Ancak, Türkiye’nin de bu değerleri taşıdığını unutmamak gerekir. Doğu Avrupa ülkelerini neredeyse koşulsuz AB’ye tam üye yapan AB, neden Türkiye’yi tam üyelik konusunda sürekli oyalamaktadır. Çok basit bir konu olan Vizelerin kaldırılmasında bile, bin bir türlü gerekçeler sunmaktadır.

Geliştirilmiş üyelik kavramını ortaya atıp, “Biz Türkiye’yi AB’ye almayalım, özellikle Karar Mekanizmalarımızda yer almasın“ ancak, diğer tüm haklardan faydalansın demek mi? İstiyor. Zaten hiçbir zaman alınmayacağını neden açıkça söylemiyor. Tarihe hesap vermekten mi korkuyor? Tarihi sorumluluğu, Türkiye’den mi bekliyor? Kısacası Türkiye’den, Ben AB’den kopuyorum, demesini istiyor? Bir bakıma Trexit mi bekliyor?

Biz AB’den çok şey öğrendik. GB sayesinde global ekonomiye entegrasyonu, rekabeti, kaliteyi, üretim alternatiflerini çeşitlendirmeyi, teşvik ve destekleri, AB kavramlarıyla bütünleştirdik. Bugün endüstri 4.0’ı hatta 5.0’ı tartışıyorsak, elbette AB’nin katkısı yadsınamaz.

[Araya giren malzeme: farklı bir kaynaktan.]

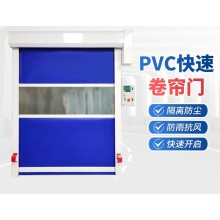 博雄 pvc快速門 車間保溫電動軟簾門 自動感應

Biz geleceğimizin AB’de olduğuna inanan bir toplumduk. Ancak bugün baktığımızda % 68.8’lik bir oranla Türk halkı AB’ye inanmıyor. Bu aslında çok trajik, aynı zamanda da AB’nin vizyonsuzluğunu ve güdüklüğünü gösteren önemli bir parametredir.

Türkiye’nin AB yolculuğu, AB’nin içinde yaşadığı temel sıkıntılara ve AB üyesi ülkelerdeki seçimlere kurban edilmektedir. Artan milliyetçilik, hatta ırkçılık, İslam karşıtlığı, göçmen sorunu, terörizm karşısında, AB geleceğe yönelik politikalar üretememektedir. İngiltere’nin AB’den kopuşu, milliyetçi/ırkçı partileri harekete geçirmiş ve bazı ülkelerde AB’den çıkalım söylemleri yüksek sesle söylenmeye başlamıştır.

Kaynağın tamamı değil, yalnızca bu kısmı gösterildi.